Are we heading for Darmok?

20 Jul 2015

When I recently came across a news article 1 (a distinction the piece of writing hardly deserves) that began the description of the complex communication process between the New Horizons space probe and Earth with the heading “A 3-Billion-Mile Snapchat”, I had to ask myself: is this what journalism is now? And then I was reminded of Darmok.

Darmok 2 was a notable episode of the science fiction TV series Star Trek: The Next Generation. The Enterprise encounters an alien species–as they usually do on a weekly basis–whose utterances don’t quite translate well when run through the ship’s Universal Translator. The aliens, called the Tamarians, are heard to utter such seeming nonsense as “Darmok and Jalad at Tanagra”(now a famous phrase) and “Temba, his arms wide”. It is later discovered that the species verbalize concepts not by assigning words directly to them, but by using metaphors (or more accurately analogies 3) that represent the concept.

In other words, rather than using an abstract word to describe something, they use a noun that represent an actual instance of the concept. For example, “Darmok and Jalad at Tanagra” seems to translate to “friendship through shared hardship”, or more roughly, “camaraderie”, Darmok and Jalad being two warriors that defeat a beast on an island called Tanagra. It seemed the Tamarians, while not having a label for the concept “camaraderie”, were universally familiar with the story of Darmok and Jalad.
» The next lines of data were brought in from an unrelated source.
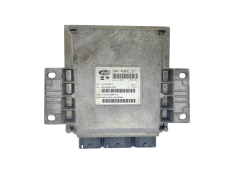Controller 9645214980 IAW48P2.3T 9642606280 PSA Magneti Marelli 59901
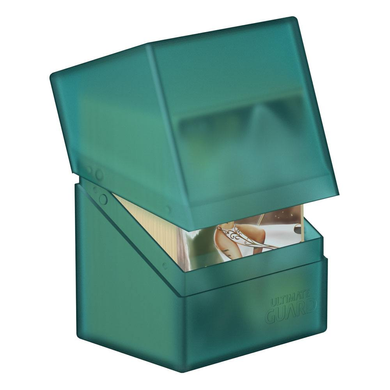 Коробка для Карт Ultimate Guard Boulder Deck Case 80+ Standard Size Malachite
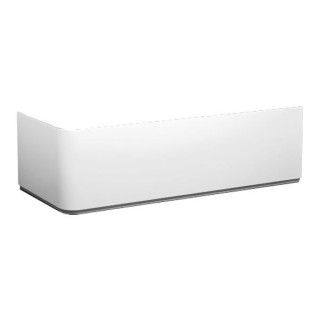 Přední panel Ravak 10° 160, levé, śnieżna bílá - sanitbuy.pl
Or, perhaps the Tamarians did once have a language like our own, where abstraction was normal. Perhaps they went through a period (not unlike the period we are going through now) where the majority of their population’s attention span and mental capacity was diminished by progressive watering down of information that their communications networks were trying to get them to consume. Perhaps Darmok and Jalad were not warriors at all. Perhaps they were part of Tamarian pop culture, two characters in a motion picture.

Perhaps I exaggerate. But the number of times I have seen headlines like “Minority Report like interface”, “Terminator 2 like liquid metal”, “Iron Man like exoskeleton” in respectable online news outlets in recent times, gives me pause.